Crop Protection Association chief executive Nick von Westenholz said:

"Typically, the Soil Association are cherry picking their arguments to support their ideological opposition to the use of conventional pesticides, however safe and useful they are – and glyphosate is both very safe and very useful.


"They talk about a review of the evidence on glyphosate’s impact on soil health, but it is clearly highly selective in supporting their established opposition to glyphosate. They refer to calls for a ban on the grounds of human health, referring to a WHO study last year listing glyphosate as a probable carcinogen, but ignore the WHO’s own affirmation last month that glyphosate is unlikely to pose a carcinogenic risk, not to mention countless other studies that have found it safe to use – indeed, no regulatory agency in the world classifies glyphosate as a carcinogen. They appeal to the positions of France and Sweden on the issue in support of the rationale for a ban, but ignore the fact that the last vote saw 20 Member States vote in favour of re-approval, 7 abstain, and just one (Malta) vote against.

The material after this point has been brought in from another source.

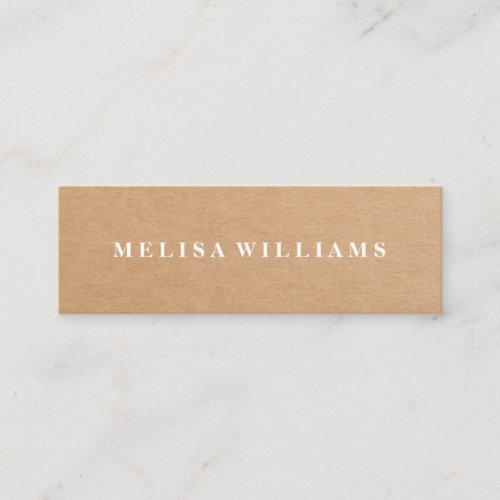 Elegant Rustic Kraft Mini Business Card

"In agriculture, far from being damaging to soils, glyphosate helps maintain soil quality by controlling a broad spectrum of weeds and therefore reducing the need for ploughing. This protects soils from degradation and reduces greenhouse emissions and energy consumption. Glyphosate is a cornerstone of sustainable, productive agriculture which regulators are more than satisfied can be used safely


"Glyphosate has proved invaluable across an enormous range of applications, whether in farming, in domestic gardens, or in keeping streets, railways and public spaces clean and secure. The Soil Association are wrong to campaign against it in the face of overwhelming scientific consensus that it is safe."

The Soil Association cites, as anti glyphosate evidence published this month:

Environmental Audit Committee, Soil Health, 2 June 2016, HC 180 2016-17 [Available online at]

All Party Parliamentary Group for Agroecology, soil health and protection inquiry reports, 12 June 2016 [Available online at]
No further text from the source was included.